**GOAL OF THE EXERCISE**: Go through the data below and count every line that has the word "image". Return only the count.

START RECORDS FOR THIS TASK

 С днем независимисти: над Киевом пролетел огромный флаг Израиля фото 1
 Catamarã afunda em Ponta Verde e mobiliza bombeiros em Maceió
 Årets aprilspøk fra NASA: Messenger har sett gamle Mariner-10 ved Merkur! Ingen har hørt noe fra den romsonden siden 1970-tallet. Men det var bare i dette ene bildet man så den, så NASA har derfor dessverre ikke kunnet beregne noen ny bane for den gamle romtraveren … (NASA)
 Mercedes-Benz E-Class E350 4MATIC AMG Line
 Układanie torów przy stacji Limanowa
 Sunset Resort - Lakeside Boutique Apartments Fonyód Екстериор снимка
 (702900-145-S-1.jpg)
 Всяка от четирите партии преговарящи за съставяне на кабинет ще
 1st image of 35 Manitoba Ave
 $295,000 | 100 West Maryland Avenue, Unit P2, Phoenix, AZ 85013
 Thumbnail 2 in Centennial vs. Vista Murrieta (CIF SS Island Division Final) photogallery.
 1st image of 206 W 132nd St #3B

END RECORDS FOR THIS TASK

**YOUR RESPONSE**: 2